The bride wore a flowing white gown and a veil of flowers, she was escorted up the aisle by a loving father, who was quick to mention he can’t wait for grandkids, and there were the speeches by the maid of honor and best man.

But there were a few unconventional additions — guests were caught sipping pre-wedding milkshakes, not cocktails, and shaking out handfuls of theater candy from cardboard boxes as they munched on peanut M&Ms or Sour Patch Kids and slurped on Lifesavers.

Their wedding invitations were flashed at the ticket booth, and exchanged for movie passes that proved good for popcorn and pretzels at the concession stand, which guests lugged back to their vehicles and shared among their families while sipping sodas and lounging in camp chairs.

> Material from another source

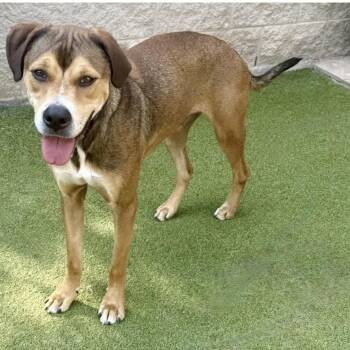 WEAVER -  Labrador Retriever Dog for Adoption in Houston, Texas - WEAVER | PetCurious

And when the best man asked those gathered to raise their glasses for a toast, to “the sweetest girl” he knew and for his brother, too, he guessed, there were no flutes of champagne thrust high into the sky turned orange with the setting sun. Instead, soft drinks in paper cups, or can-filled koozies rose for the occasion.

Through it all, a familiar face – Silver Lake Twin Drive-In owner Rick Stefanon – milled close by, staked out on the periphery with a walkie in hand, ready to radio instructions regarding the timing of the music, or to troubleshoot with employees in case of any unexpected hiccups in the night’s events.

He was, he said, glad to be part of the historic event. Over its 54-year existence, the drive-in had seen its fair share of wedding vows exchanged ON the big screen, but never played host to vows exchanged under the big screen before lastSaturday night.

And so history was made, much to the pleasure of the new Mr. and Mrs. William Pratt, who exchanged hugs and dances with one another, and flashed smiles at the dozens of guests who had only been able to gather owing to the unique, open-air setting of a drive-in movie theater.

“Anything good to say about the drive-in, you should say,” Alison gushed on her way to the concession stand. “They’ve made this all a dream.”

With that, she and her new husband rushed off, hand in hand.

The clock was ticking, after all — and the movie would be starting soon.